Seit einigen Jahren versuchen die Bandidos in Mülheim bereits vergeblich, ein neues Kapitel (ein Chapter, wie sie es nennen) aufzuschlagen. Deshalb haben sie sich so lange den Essenern angeschlossen. Die mit ihnen befreundeten Mitglieder von Dog Soldiers betreiben an der Hansbergstraße ein Vereinslokal. „Die Polizei schätzt, dass in Essen und Mülheim insgesamt hundert Rocker den Bandidos angehören“, sagt Kriminaloberrat Gerhard Bürgel. Er gehört im Essener Präsidium der Ermittlungskommission „Rocker“ an, die nicht kontinuierlich besteht, sondern nur zusammenkommt, wenn es besondere Ereignisse wie jüngst die Brandstiftung am Essener Bandidos-Vereinsheim erfordern. Wichtig ist aber, dass deren Mitglieder mit Informationen aus der Szene auf Laufenden gehalten werden, so dass allen das Thema vertraut sei.

Eine Gefahr durch die Rocker, die sich an der Eppinghofer Straße treffen, sieht die Polizei zunächst nicht. „Die sind nicht auf Konfrontation aus. Die wollen in Ruhe gelassen werden und dabei stört die Polizei nur“, sagt Bürgel. Es sei denn, ein Initialfunke wie Alkohol oder Drogen, sorgt für Probleme. Sorgen bereitet die Situation der Polizei noch nicht. Sie sieht keinen Grund dafür, dass Passanten die Eppinghofer Straße meiden müssten.
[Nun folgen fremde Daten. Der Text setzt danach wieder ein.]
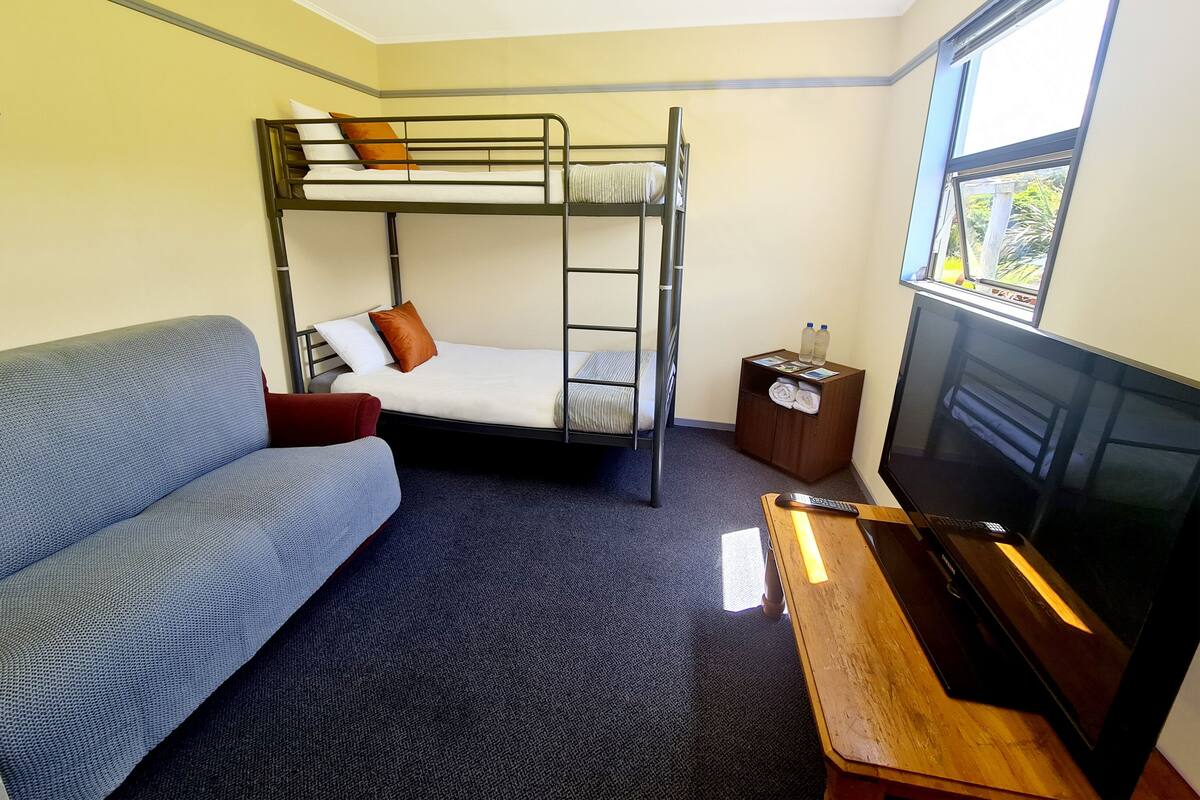 A bunk bed with a TV, a sofa, and a small table with a remote control.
Pannenbäcker ist aber auch klar, dass das Anwohnern ganz anders erscheinen mag. Die Rocker legen ein Imponiergehabe an den Tag. Sie stellen ihre Maschinen zuweilen störend ab und haben auch ein Auftreten und ein Format, dass einschüchternd wirken kann. Die Polizei will weiter ein waches Auge auf die Entwicklung werfen. „Es darf nicht der Eindruck entstehen, dass es Räume gibt, die uns nicht mehr interessieren“, betont er. Es ist ein Satz, der in Variationen mehrfach während des Gesprächs fällt. Die Botschaft soll klar sein: Die Polizei bleibt am Ball.